A autora é mais conhecida por seus trabalhos sobre literatura, mas também tece considerações sobre aspectos do cotidiano e da realidade argentina. Em Tempo presente – notas sobre a mudança de uma cultura (lançado na FLIP em 2005, pela José Olympio), é possível conferir alguns textos proferidos em conferências ou publicados em periódicos. E através destes ensaios, percebemos uma proximidade muito maior entre a nossa realidade e a deles.

Os textos de Sarlo às vezes são tão próximos, ou tão universais, que ela parece estar falando de nós, e não deles: "Sem tempo para fazer projetos, sem futuro, os corpos correm os riscos impostos pela dívida [do estado com a sociedade] não-paga: a violência, a ruptura de todos os laços sociais, a selvageria da droga são desafios vistos como se fossem a única afirmação possível da identidade. Quando se rompe a expectativa de um tempo futuro, quando ninguém se sente mais credor nem titular de direitos, os corpos usam a violência para se rebelar"

Como ela mesmo diz, frases como a de cima há alguns anos eram impensáveis na Argentina. Hoje, o país padece não só de males como os da fome, da violência e da guetização de parte da população em bairros miseráveis, mas também de outros problemas: o impacto das construções desordenadas nos espaços públicos, as novas identidades culturais, a crise da escola, a política. Problemas comuns de grandes cidades, familiares a nós. Mas, se é para traçar paralelos, talvez o texto mais pertubador seja aquele que posiciona a Copa do Mundo de 1978 como um fato tão importante no aspecto esportivo quanto no político.

No esportivo, é fácil: a Argentina foi campeã do Mundial disputado em casa. O político: é que isso aconteceu em plena ditadura. O sucesso da seleção argentina parecia respaldar um governo que, ao mesmo tempo, puxou para si a vitória e cuidou para que não existissem protestos a serem noticiados pela imprensa estrangeira. O que impressiona na análise de Beatriz Sarlo é a crítica que ela faz sobre como se vê o Mundial, 20 anos depois.

Na Copa de 98, as crianças argentinas puderam assistir aos jogos nas escolas, desde que, segundo orientação das autoridades educacionais, fossem trabalhados conteúdos de história, geografia e ética, em relação aos países participantes do Mundial. Mas a autora questiona: "Se a idéia era a de permitir que os jovens vissem o futebol com verdadeiro 'espírito crítico', como afirmou uma funcionária pública, sugiro o seguinte: o futebol tem uma relação intrincada com a Argentina dos últimos vinte anos, e por isso seria bom que as escolas aproveitassem a febre do Mundial para apresentar a história recente aos pequenos adoradores da camisa azul-celeste".

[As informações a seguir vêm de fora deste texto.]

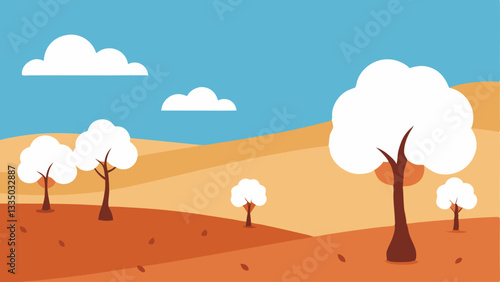Natural Resources An of a barren landscape with a drying cotton field next to a pristine forest highlighting the environmental cost of fabric production.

De acordo com a sugestão de Sarlo, na disciplina de História poderiam ser estudados os assassinatos cometidos pela ditadura entre uma partida e outra; em Geografia, uma atividade interessante seria contextualizar no mapa os estádios onde os jogos foram realizados em relação aos centros de tortura; para entrar um pouco em Sociologia, seria possível explicar aos alunos mais velhos como os cenários esportivos são transformados em cenários políticos pelas ditaduras. Por mais que a gente deteste os argentinos, em algumas coisas somos muito semelhantes.

A mesma paixão que nos torna inimigos, também nos aproxima em comportamento. Se eles tiveram sua vitória em 78 comemorada sobre os porões de tortura da ditadura, nós também fizemos o mesmo no Mundial de 70. E assim como eles, a gente acaba tendo uma postura mais condescendente, mais relaxada, durante a Copa do Mundo. A vida já é tão dura para o brasileiro, merecemos comemorar e esquecer um pouco os problemas, as eleições, o mensalão, não é mesmo?